Observability Overview¶
This guide provides an overview of observability in the Cml Cloud Manager, covering the three pillars of observability and how they work together to help you understand your system.
Table of Contents¶
What is Observability?¶
Observability is the ability to understand the internal state of a system by examining its external outputs.

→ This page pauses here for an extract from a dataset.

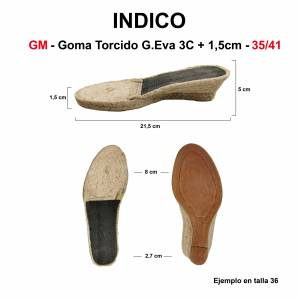 6. Suela Goma Montado - GM_GM TORCIDA G.Eva 3Cuerd + 1,5C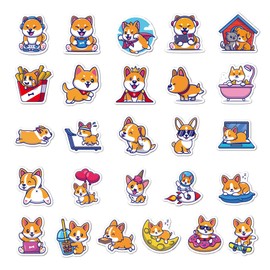 Lovely Dog Stickers for Teens Boy Girls Kids|50 Pcs|Cute Waterproof Vinyl Pet Stickers for Laptop Computer Phone Tablet Luggage Flasks Car Water Bottle Bike,Cartoon Animals Stickers Decals Pack(Dog)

Unlike monitoring (which tells you what is broken), observability helps you understand why it's broken.
Observability vs Monitoring¶
| Aspect | Monitoring | Observability |
|---|---|---|
| Focus | Known failures | Unknown failures |
| Approach | Predefined dashboards | Exploratory analysis |
| Questions | "Is the system up?" | "Why is it behaving this way?" |
| Data | Aggregated metrics | High-cardinality data |
| Response | Alert on thresholds | Investigate root cause |
Why Observability Matters¶
- Debug Production Issues: Understand complex distributed system behavior
- Performance Optimization: Identify bottlenecks and optimize slow operations
- User Experience: Track real user impact of bugs and performance issues
- Business Insights: Correlate technical metrics with business outcomes
- Proactive Problem Detection: Catch issues before they impact users
The Three Pillars¶
The Cml Cloud Manager implements all three pillars of observability using OpenTelemetry:
1. Metrics¶
What: Numerical measurements aggregated over time.
Examples:
- Request count per endpoint
- Task creation rate
- Database query latency
- Memory usage
Use Cases:
- Dashboards and real-time monitoring
- Alerting on thresholds
- Capacity planning
- Performance trending
Learn More: Metrics Guide
2. Traces¶
What: Request paths through your distributed system showing timing and relationships.
Examples:
- End-to-end request flow from API → Handler → Repository → Database
- Service dependencies and call graphs
- Operation timing and bottlenecks
- Error propagation paths
Use Cases:
- Debugging slow requests
- Understanding system architecture
- Finding performance bottlenecks
- Troubleshooting distributed transactions
Learn More: Tracing Guide
3. Logs¶
What: Timestamped event records with contextual information.
Examples:
- Application errors and exceptions
- Business events (task created, user logged in)
- Debug information
- Security audit trails
Use Cases:
- Debugging specific issues
- Security auditing
- Compliance and audit trails
- Root cause analysis
Status: Structured logging implemented, OpenTelemetry log export disabled (using traditional logging).
Quick Links¶
Documentation¶
- Architecture - Technical architecture and components
- Getting Started - Quick start guide and examples
- Configuration - Environment variables and configuration options
- Best Practices - Naming conventions, cardinality control, and patterns
- Troubleshooting - Common issues and solutions
Instrumentation Guides¶
- Metrics Guide - How to add custom metrics
- Tracing Guide - How to add custom spans
Tools¶
- Grafana: http://localhost:3000 - View traces and metrics
- Prometheus: http://localhost:9090 - Query metrics directly
- OTEL Collector: http://localhost:4317 - Telemetry collection endpoint
Getting Started¶
1. Start the Stack¶
2. Generate Telemetry¶
# Make API requests
curl -X POST http://localhost:8000/api/tasks \
-H "Content-Type: application/json" \
-H "Authorization: Bearer YOUR_TOKEN" \
-d '{"title": "Test Task", "priority": "high"}'
3. View Data¶
Traces in Grafana:
- Open http://localhost:3000
- Navigate to Explore → Tempo
- Search for service:
cml-cloud-manager
Metrics in Prometheus:
- Open http://localhost:9090
- Execute query:
rate(cml_cloud_manager_tasks_created_total[5m])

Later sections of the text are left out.